Despite the many merits of the above described injectors, engine manufacturers continue their efforts to perfect and optimize premixing fuel injectors. In particular, manufacturers seek additional ways to eliminate flame from the mixing chamber without increasing exhaust emissions or jeopardizing flame stability.
It is, therefore, an object of the invention to provide a premixing fuel injector having superior capability to eliminate flame inside the injector's mixing chamber, and to do so without increasing undesirable exhaust emissions or compromising flame stability in the combustion chamber. It is a further object of the invention to avoid introducing undue complexity into the injector or its manufacture.
According to the invention, the fuel injection passages of a tangential entry, premixing fuel injector are oriented and positioned so that if the injector is operating in a degraded state, associated with combustion in the mixing chamber, fuel discharged from the passages is ineffective at sustaining the combustion. According to one aspect of the invention, the fuel injection passages are oriented and positioned so that when the injector operates in the degraded state, fuel jets issuing from the passages impinge on the neighboring scroll rather than penetrating radially to the centerbody. According to another aspect of the invention, the scrolls bordering the air intake slot exert an aerodynamic influence on the fuel jets to limit the radial penetration of the jets when the injector operates in the degraded state.
The primary advantage of the invention is its ability to eliminate flame from the mixing chamber without increasing exhaust emissions, jeopardizing flame stability or introducing undue complexity into the injector or its manufacture.
The foregoing features and advantages and the operation of the invention will become more apparent in light of the following description of the best mode for carrying out the invention and the accompanying drawings.
FIG 1 is a perspective, cutaway view of a premixing fuel injector for an industrial gas turbine engine.
FIG. 2 is a view taken in the direction 2--2 of FIG. 1 showing a fuel passage arrangement embraced by the present invention and illustrating injector operation in both a prescribed state and a degraded state.
FIG. 3 is a view similar to that of FIG. 2 showing a prior art fuel passage arrangement and illustrating operation of the prior art injector in the degraded state.

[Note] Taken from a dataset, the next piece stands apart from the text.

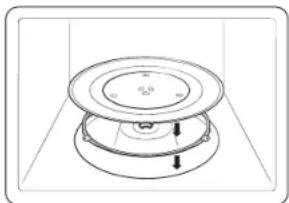 SAMSUNG MG23DG4524C - Plato giratorio - 1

FIG. 4 is a bar graph showing experimental results demonstrating the efficacy and merits of the invention.
This invention is predicated in part on the recognition that:
1. combustion in the mixing chamber of a tangential entry, premixing fuel injector causes the injector to operate in a degraded state characterized by a reduction in the velocity and mass flow rate of a stream of combustion air entering the mixing chamber;
2. the reduced air velocity enables fuel introduced into the airstream to penetrate radially inwardly without being thoroughly mixed with the combustion air; and
3. the non-thoroughly mixed fuel helps to sustain the combustion and inhibits disgorgement of combustion flame from the mixing chamber.
FIGS. 1 and 2 illustrate a premixing fuel injector 10 for an industrial gas turbine engine. The injector has an axially extending fuel injector centerline 12 and includes a forward endplate 14, an aft endplate 16, and at least two arcuate scrolls 18 extending axially between the endplates. A fuel injector discharge port 20 extends through the aft endplate, and the aft extremity of the discharge port defines a fuel injector discharge plane 22. The scrolls and endplates bound a mixing chamber 24 that extends axially to the discharge plane and within which fuel and air are premixed prior to being burned in a combustion chamber 26.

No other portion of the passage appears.